Armando Cavazzuti

Personal information
- Date of birth: January 23, 1929 (age 96)
- Place of birth: Modena, Italy
- Position(s): Midfielder

Senior career*
- Years: Team / Apps / (Gls)
- 1948–1951: Modena / 24 / (4)
- 1951–1952: Pisa / 37 / (10)
- 1952–1954: Palermo / 45 / (9)
- 1954–1956: Roma / 29 / (4)
- 1956–1957: Cagliari / 28 / (4)
- 1957–1958: Roma / 2 / (0)
- 1958–1959: Udinese / 6 / (0)
- 1959–1960: Venezia / 22 / (1)
- 1960–1961: Biellese / 9 / (2)
- 1961–1962: Reggina / 8 / (2)

= Armando Cavazzuti =

Italian footballer (1929-2014)

Armando Cavazzuti (born January 23, 1929 - October 31, 2014) was an Italian professional football player and manager, who played as a midfielder.

==Career==
Cavazzuti played for 7 seasons (97 games, 16 goals) in the Italian Serie A for Modena F.C., U.S. Città di Palermo, A.S. Roma and Udinese Calcio; he also played for Pisa, Cagliari, Venezia, Biellese, and Reggina throughout his career.
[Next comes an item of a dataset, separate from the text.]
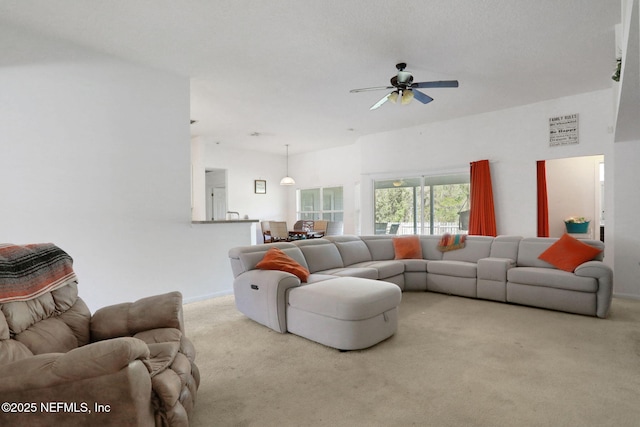 carpeted living room featuring ceiling fan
During his spell with his hometown club Modena, he became the last player in Italy to score a goal against the Grande Torino side which dominated Italian football in the mid to late 1940s, scoring in a 3–1 defeat to Torino on 17 April 1949.

==Death==
Cavazzuti died on 31 October 2014 at the age of 85, in his hometown Modena.